--- START ---
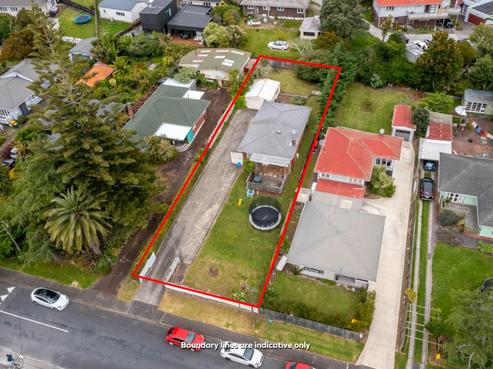 12 Amberley Avenue, Te Atatu South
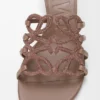 Petal Anagram-sandaler i semsket skinn med strass Petal Anagram-sandaler i semsket skinn med strass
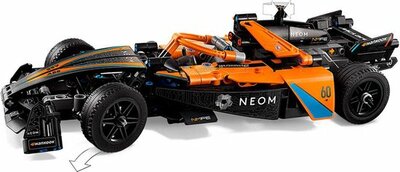 42169 LEGO Technic NEOM McLaren Formula E racewagen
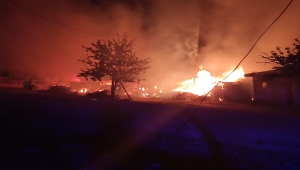 Çorum'da çıkan yangında 145 ton hububat, yem ve saman yandı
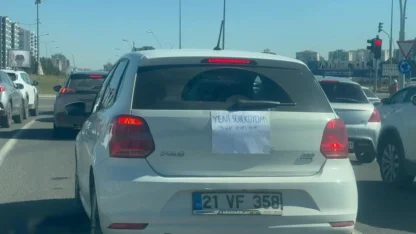 Diyarbakır’da kadın sürücü ’yeni sürücüyüm, sabır imandandır’ yazısıyla trafiğe çıktı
--- END ---
What this task involves: Word for word, return the entries above, but without any pictures.

Answer below:
 12 Amberley Avenue, Te Atatu South
 Petal Anagram-sandaler i semsket skinn med strass Petal Anagram-sandaler i semsket skinn med strass
 42169 LEGO Technic NEOM McLaren Formula E racewagen
 Çorum'da çıkan yangında 145 ton hububat, yem ve saman yandı
 Diyarbakır’da kadın sürücü ’yeni sürücüyüm, sabır imandandır’ yazısıyla trafiğe çıktı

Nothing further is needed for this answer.